L’intercession du Premier Ministre Dbeibah en faveur de ses forces affiliées (la 444ème et la 111ème Brigade) a enflammé les discordes. Porté par l’élan que lui a donné de la mort de son rival al-Kikli, Dbeibah a en effet publié une série de décrets visant à dissoudre certaines milices affiliées à la SSA et à un autre groupe important, Rada (ou la Deterrence Anti-Organized Crime and Terrorism Apparatus). 

Le 13 mai, Rada a donc attaqué la 444ème Brigade, qui s’est retrouvée à repousser ses avancées tout en essayant de saisir le territoire de la SSA. D’autres milices, venant notamment de l’Ouest de la capitale, se sont également jointes au combat. Tripoli a sombré dans le chaos, car les combats se déroulaient dans des quartiers densément peuplés de la capitale. 
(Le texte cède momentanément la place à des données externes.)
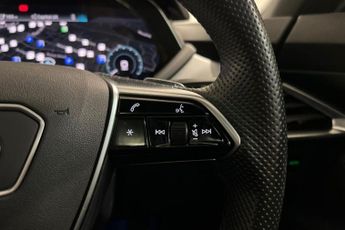 AUDI E-TRON GT 93.4kWh Saloon 4dr Electric Auto quattro (476 ps) Panoramic Glas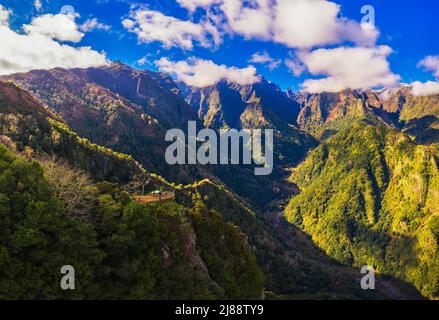 Vallée de la Ribeira da Metade et point de vue des Balcoes sur Madère, Portugal Banque D'Images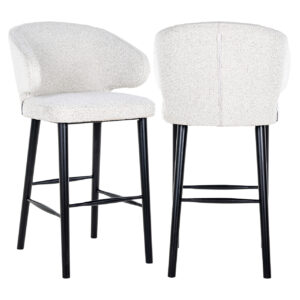 Moderne barstoel met witte bouclé bekleding en zwarte houten poten.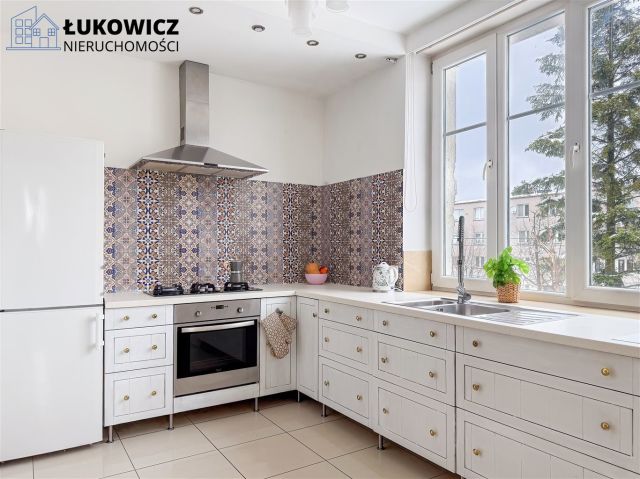 Mieszkanie 3-pokojowe Bielsko-Biała, ul. Kazimierza Brodzińskiego. Zdjęcie 10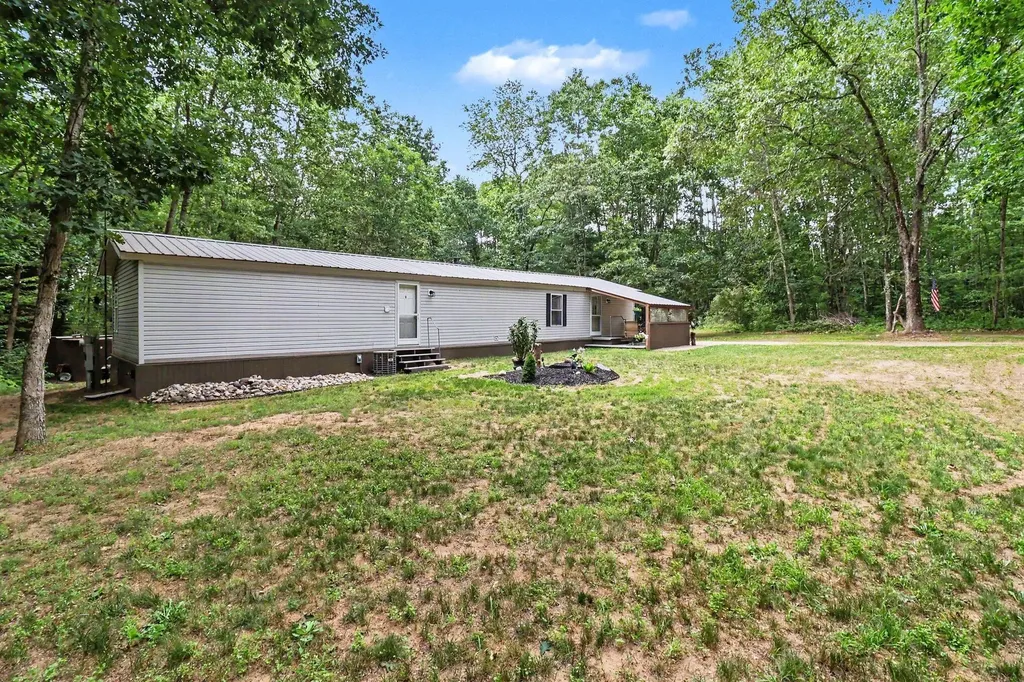 9196 N Ruth Drive Colfax Township MI 49402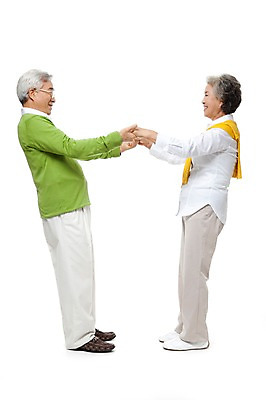 포토 JPG 스튜디오촬영 전신 모델 라이프스타일 부부 커플 여자 할아버지 노년 남자 행복 할머니 포즈 실내 서기 미소 웃음 누끼 사람 동양인 성인 두명 라이프 실버라이프 마주보기 손잡기 노부부 다정 한국인 실버 60대 노인만 국내포토 감정 컨셉 관계 모션 표정 인종 내부 생활 성인만 파일형식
Alors que l’escalade de la violence semblait atteindre le point de non-retour, les parties rivales se sont entendues sur un fragile cessez-le-feu le 14 mai. Les populations civiles, excédées, sont descendues dans la rue pour exprimer leur colère et pour exiger, comme on le verra plus tard, le départ des factions politiques gangrénées par l’intérêt, l’incompétence, et l’incohérence. 


Le réseau de milices en Libye : les groupes armés sont enracinés dans le paysage politique, militaire, et économique du pays.

Qu’y a-t-il donc à comprendre ici ? 

La Libye n’est pas étrangère à ce genre d’instabilité. En août 2023, des combats similaires entre les groupes armés de la capitale avaient fait 55 morts. Ce qu’il faut ici retenir, c’est que l’absence d’un gouvernement centralisé en Libye a pavé la voie à l’hégémonie des milices, car ces dernières assurent des fonctions exécutives de sécurisation, tout en manœuvrant pour leurs propres intérêts. Ils peuvent suivre des lignes idéologiques diverses, et appartiennent souvent à des régions et ethnies différentes. Une véritable mosaïque, fragmentée d’appartenances. 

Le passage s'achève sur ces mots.